If there was a complaint, it had to do with heightened expectations. As an artist keenly aware of presentation, image and performance, Clark’s staging was surprisingly minimal. Lighting focused on bursting strobes and shocking flashes. When she offered one of her many guitar solos, a bright light shot at her from below, projecting her shadow onto the wall behind her. It could have been better executed.

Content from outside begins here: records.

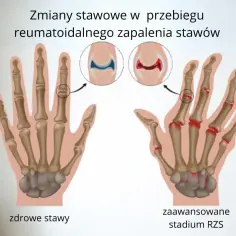 Reumatoidalne zapalenie stawów u dzieci objawy, które mogą zaskoczyć rodziców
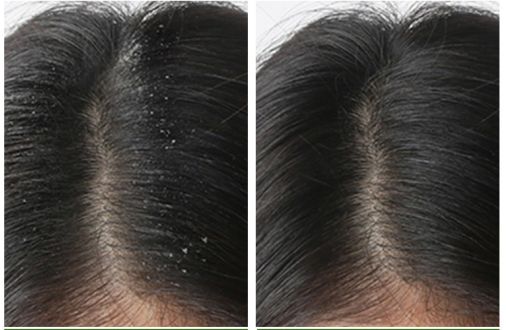 生姜防脱育发洗发水推荐,老姜王生姜防脱育发洗发水300ml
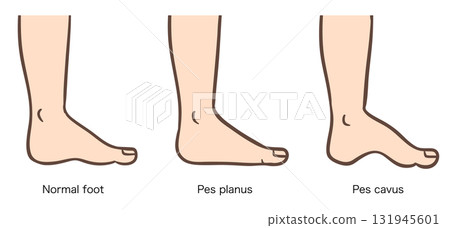 Foot deformity, normal foot, flat foot, cavus foot illustration set 02 131945601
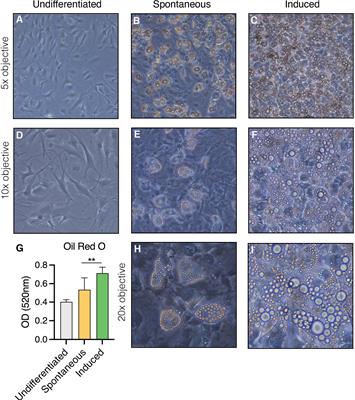 Raman microspectroscopy reveals unsaturation heterogeneity at the lipid droplet level and validates an in vitro model of bone marrow adipocyte subtypes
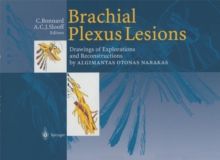 Brachial Plexus Lesions : Drawings of Explorations and Reconstructions by Algimantas Otonas Narakas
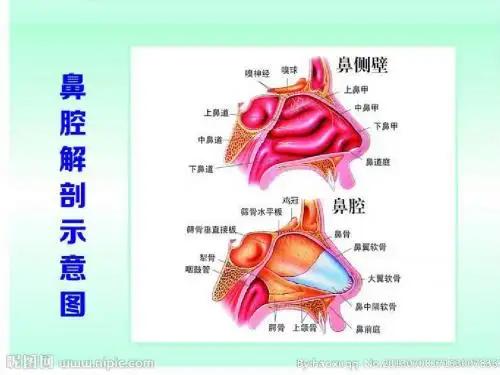 鼻内镜手术
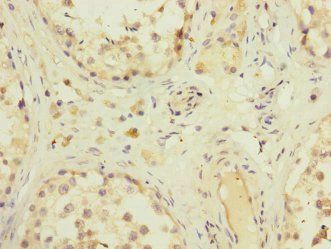 ZFPM2 Antibody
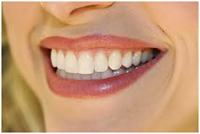 Smile Designing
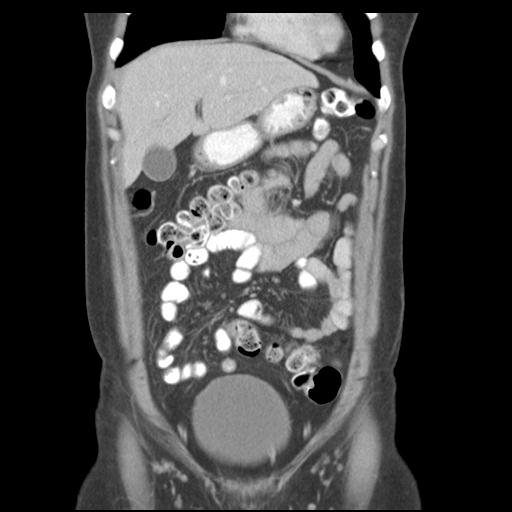 Acute appendicitis (Radiopaedia 30297-30934 Coronal C+ portal venous phase 13).jpg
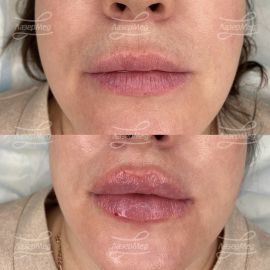 Контурная пластика губ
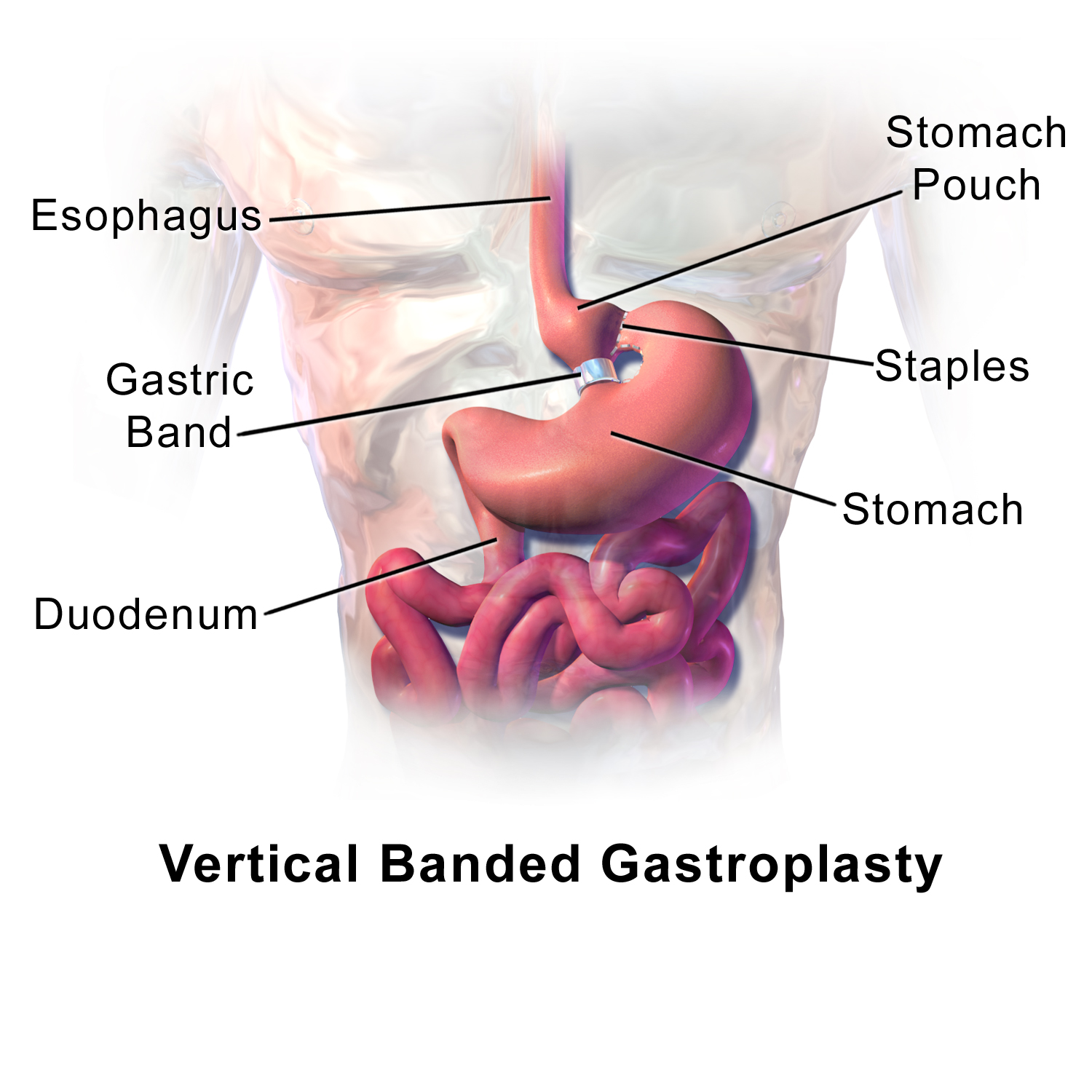 Bariatric Surgeries - Estetikworld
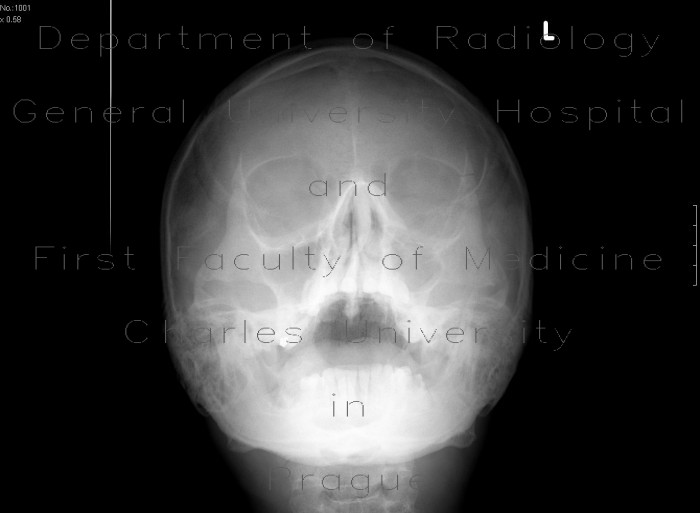 Fracture of zygomaticomaxillary complex, ZMK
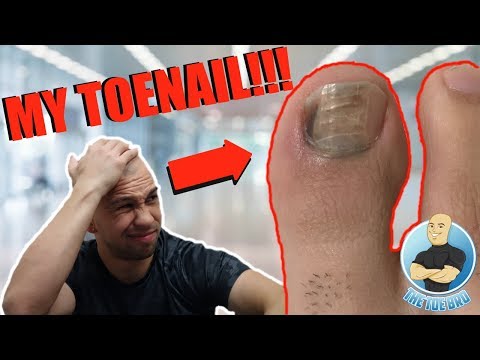 Is the Toe Bro a Wimp? FOOT SPECIALIST CUTTING OWN DAMAGED TOENAIL!!! FOOT HEALTH MONTH 2018 #1 Video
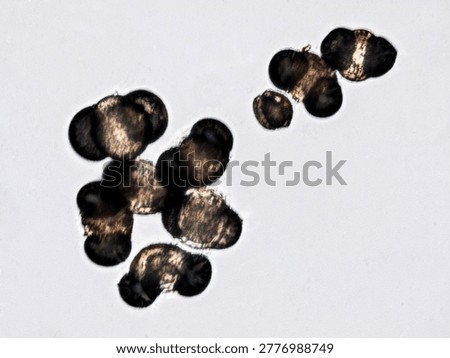 Pollen grains under microscope causing seasonal allergies - optical microscope 400x magnification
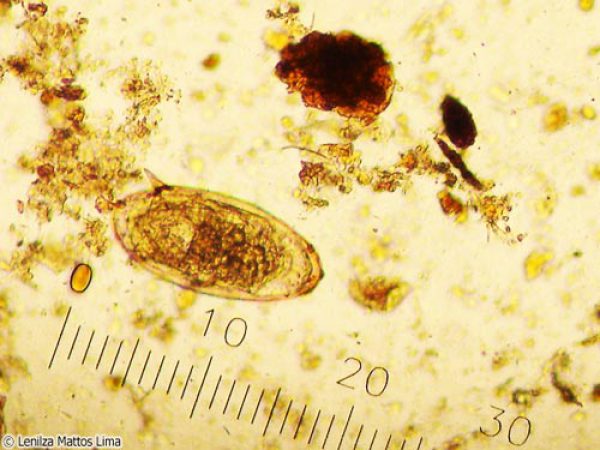 Este é o parasito Schistosoma mansoni, causador da doença Esquistossomose: A infecção é através de água contaminada contendo larvas de hospedeiros caramujos. Nas aulas de parasitologia você vai conhecer esta e outras espécies de helmintos que causam doenças.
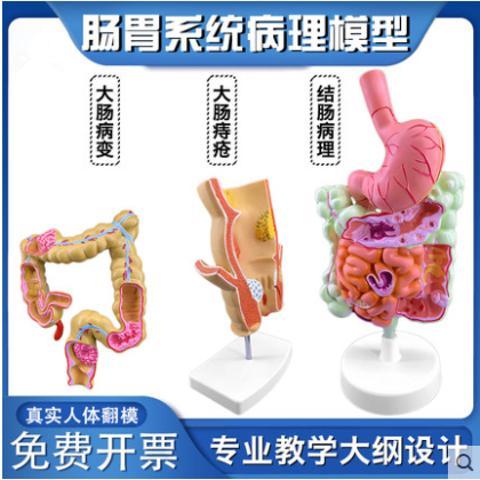 政河人体大肠病理痔疮展示结肠解剖器官结构模型十二指肠胃系统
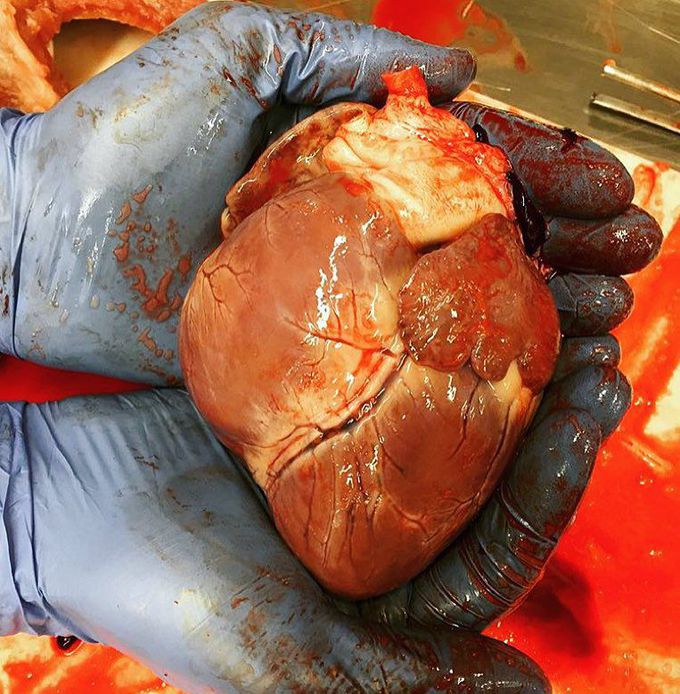 The Heart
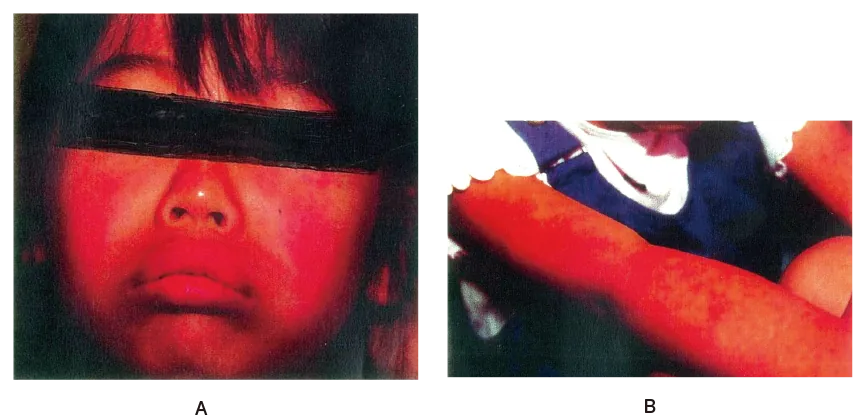 第99回 G問題 第54問の問題画像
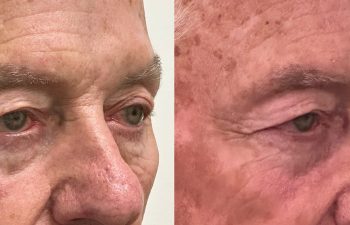 patient had ectropion and ptosis repair, shown in right oblique view before (left) and 3 months after surgery (right)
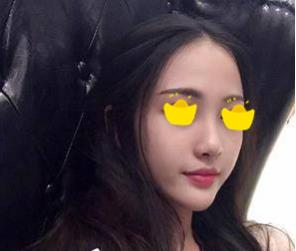 塌鼻子小妹在深圳鵬愛做隆鼻手術(shù)，三個月后竟然是這樣的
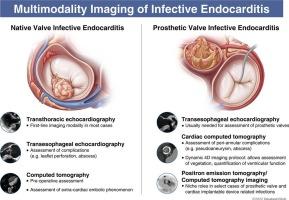 Role of multimodality imaging in infective endocarditis: Contemporary diagnostic and prognostic considerations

Too, her three-piece backing band, while accomplished and tight, was too small for the big gestures and dynamic layers found on “St. Vincent.” I wanted double the players and more sonic expansion. I wanted horn bursts during “Digital Witness” and more percussive syncopation. In short, I wanted to be overwhelmed by an aesthetic maximalism equal to Clark’s musical ambition.

Thankfully, she’s only 31. As she expands as an artist and more fans realize the breadth of her talent, no doubt Clark’s presentation will become as refined as her way with a phrase and a melody.